Obrigado pelo comentário. Tentarei ler e comentar ou postar algo relacionado até o fim da semana - como o post é longo e estou bastante sem tempo, talvez demore um pouco.

Um abraço!

Rafael Guthmann disse...

Muito interessante esse debate, Eu sou minarquista, mas pelo jeito não acho que eu consiga realmente defender minha posição politica com segurança. Daqui algum tempo eu viro um ancap. Mas por enquanto eu acho que o uso de coerção organizada é inevitável quando temos a defesa dos direitos individuais.

Joel Pinheiro disse...

Oi Richard.
Gostei do texto!

Logo vou escrever um texto sobre o que eu acho ser a grande inconsistência da posição anarco-capitalista.
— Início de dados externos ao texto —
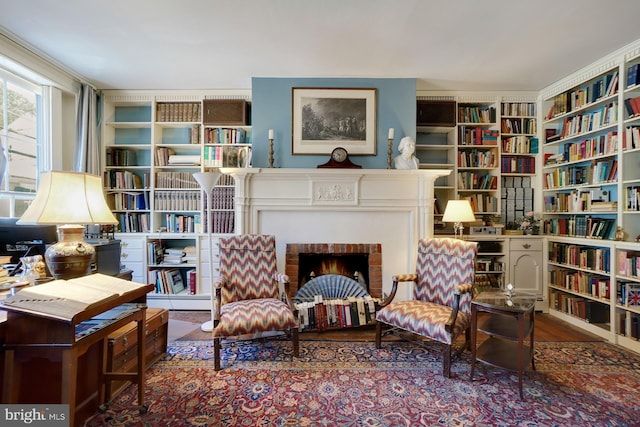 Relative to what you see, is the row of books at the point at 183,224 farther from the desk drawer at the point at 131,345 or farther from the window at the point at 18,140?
the desk drawer at the point at 131,345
Por agora, neste comentário, vou só falar do fim do texto. De fato, o grande problema da proposta que eu fiz é o como colocá-la em prática sem crescer o Estado, levando em conta que há algumas dificuldades enormes, talvez insolúveis, em fazer a distinção entre quem recebe e quem paga ao Estado.

Mas em termos pragmáticos discordo de você. Defendo, talvez, um sistema de voto censitário ou, o que seria melhor, Estados territorialmente muito menores.
Bem, heh, acho que nenhuma dessas duas é pragmática, né? Nada que fuja do sistema democrático atual tem qualquer possibilidade de acontecer nas condições atuais.

Sendo assim, fico com a opção que, embora dificilmente será muito eficaz, é a mais atrativa delas e soa melhor, por não requerer nenhuma mudança política (ou seja, violenta): popularizar, por todos os meios honestos possíveis, as vantagens de uma sociedade livre sobre o Estado intervencionista, e esperar que isso se reflita nas urnas no longo prazo.